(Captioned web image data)
################
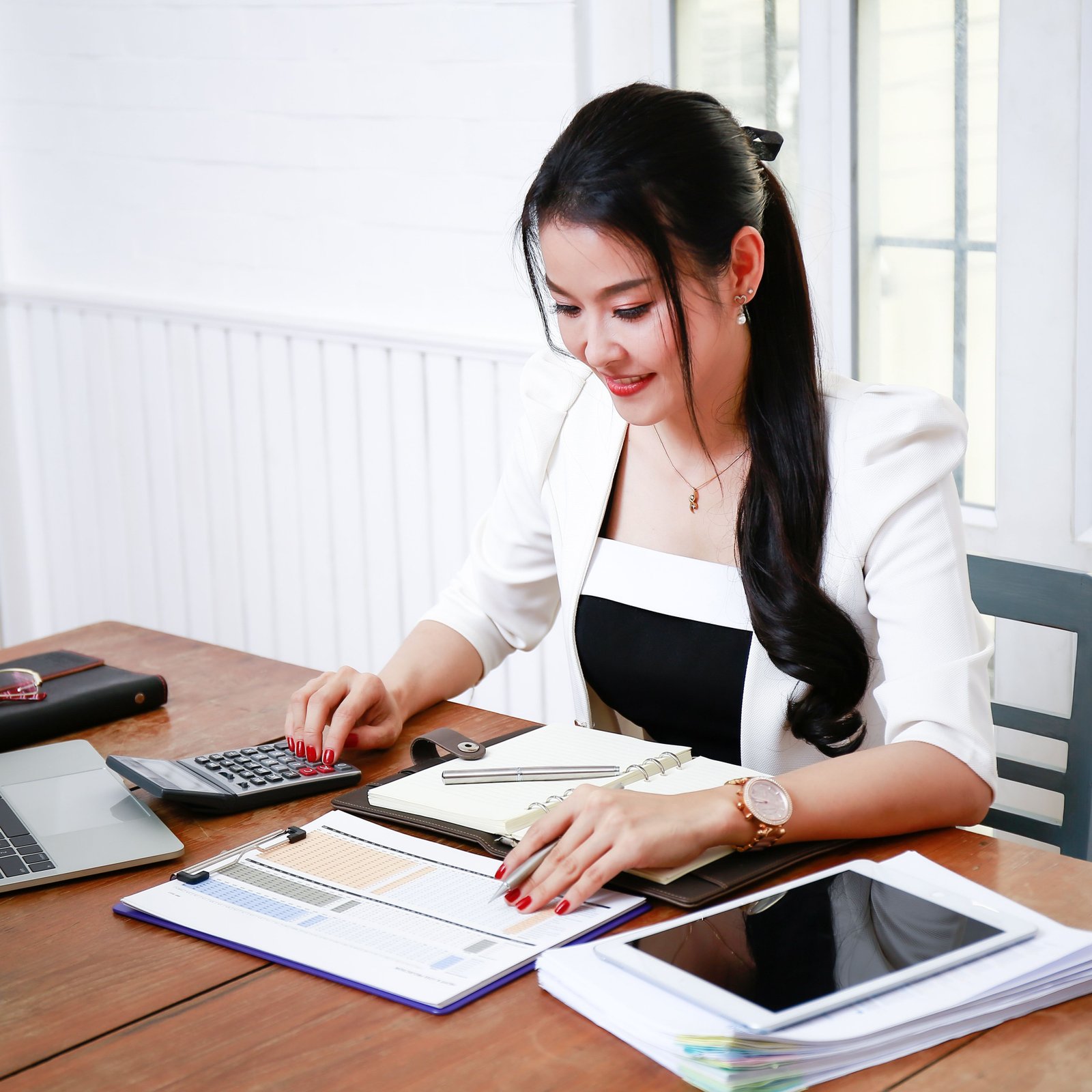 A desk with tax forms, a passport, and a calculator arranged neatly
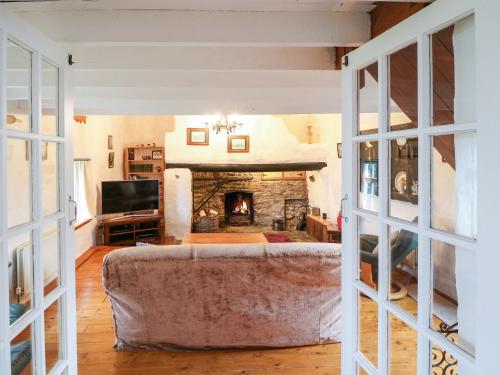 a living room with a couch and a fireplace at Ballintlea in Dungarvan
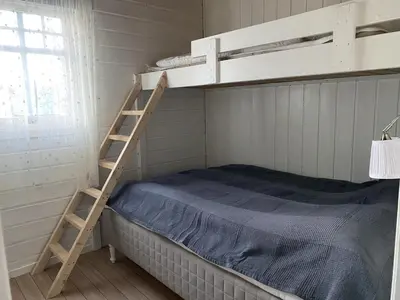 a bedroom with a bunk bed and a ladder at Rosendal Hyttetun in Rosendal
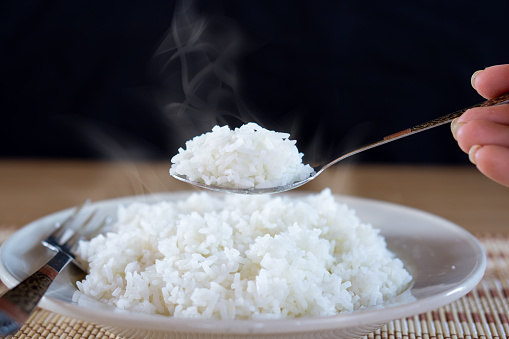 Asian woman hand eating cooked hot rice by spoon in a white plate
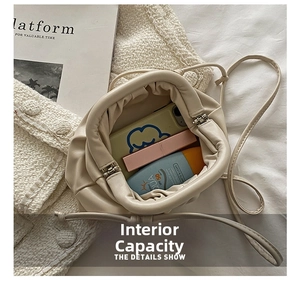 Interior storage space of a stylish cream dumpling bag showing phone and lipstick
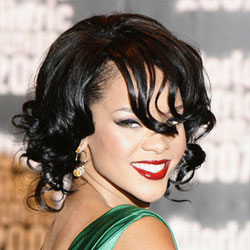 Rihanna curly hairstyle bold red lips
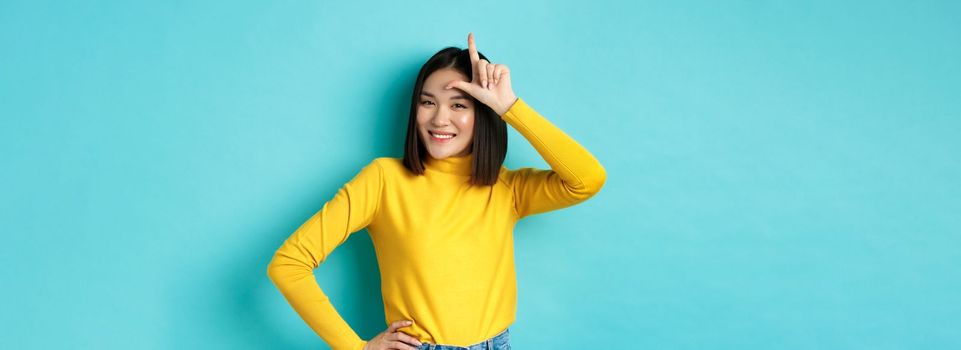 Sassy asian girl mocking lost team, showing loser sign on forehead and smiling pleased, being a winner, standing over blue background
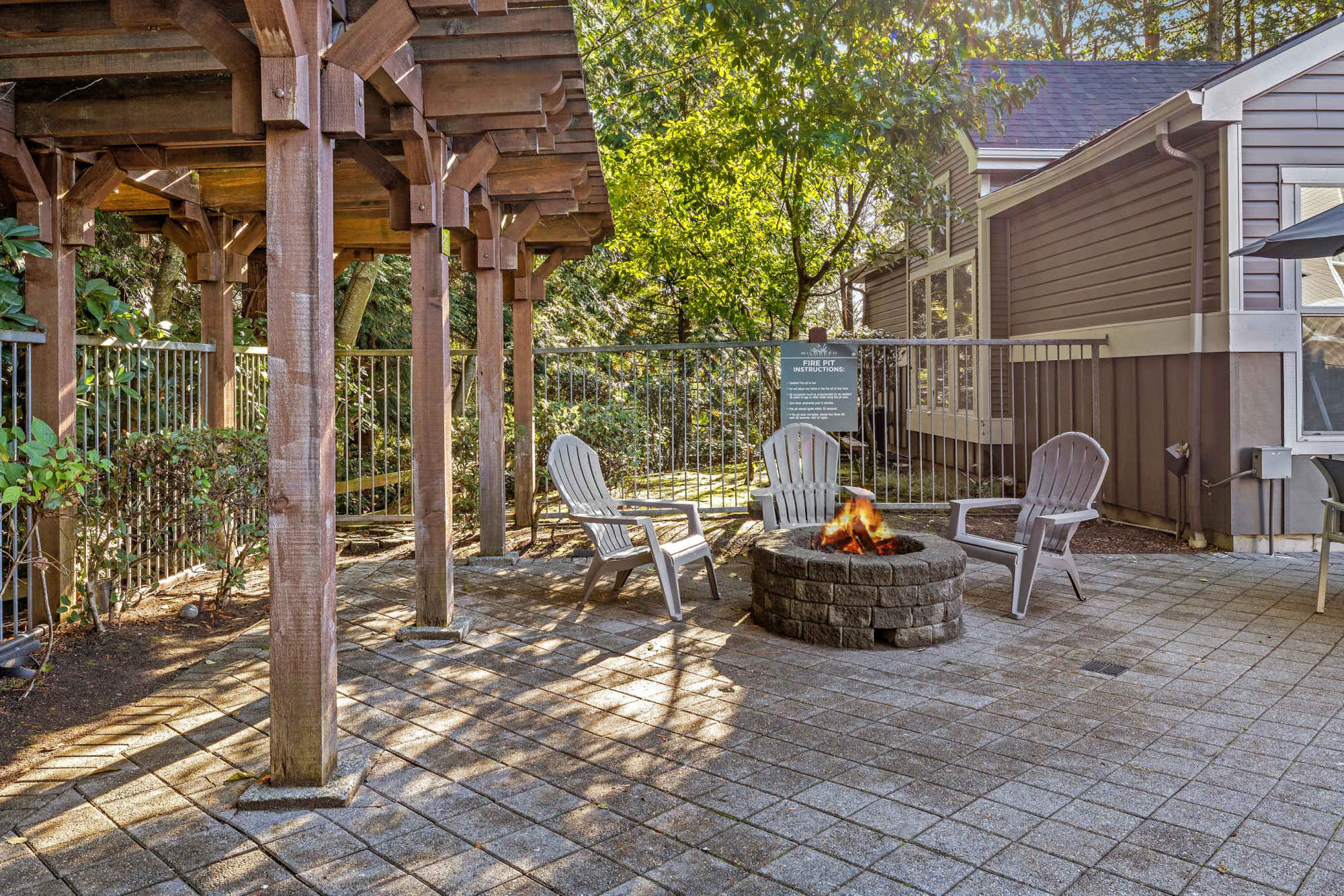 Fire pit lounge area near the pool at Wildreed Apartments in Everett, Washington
################
#### What you have to do:
What is needed is an exact restatement of every line from the one containing "Rihanna curly hairstyle bold red lips" through the last line of the records, pictures left out.

#### Response to this task:
 Rihanna curly hairstyle bold red lips
 Sassy asian girl mocking lost team, showing loser sign on forehead and smiling pleased, being a winner, standing over blue background
 Fire pit lounge area near the pool at Wildreed Apartments in Everett, Washington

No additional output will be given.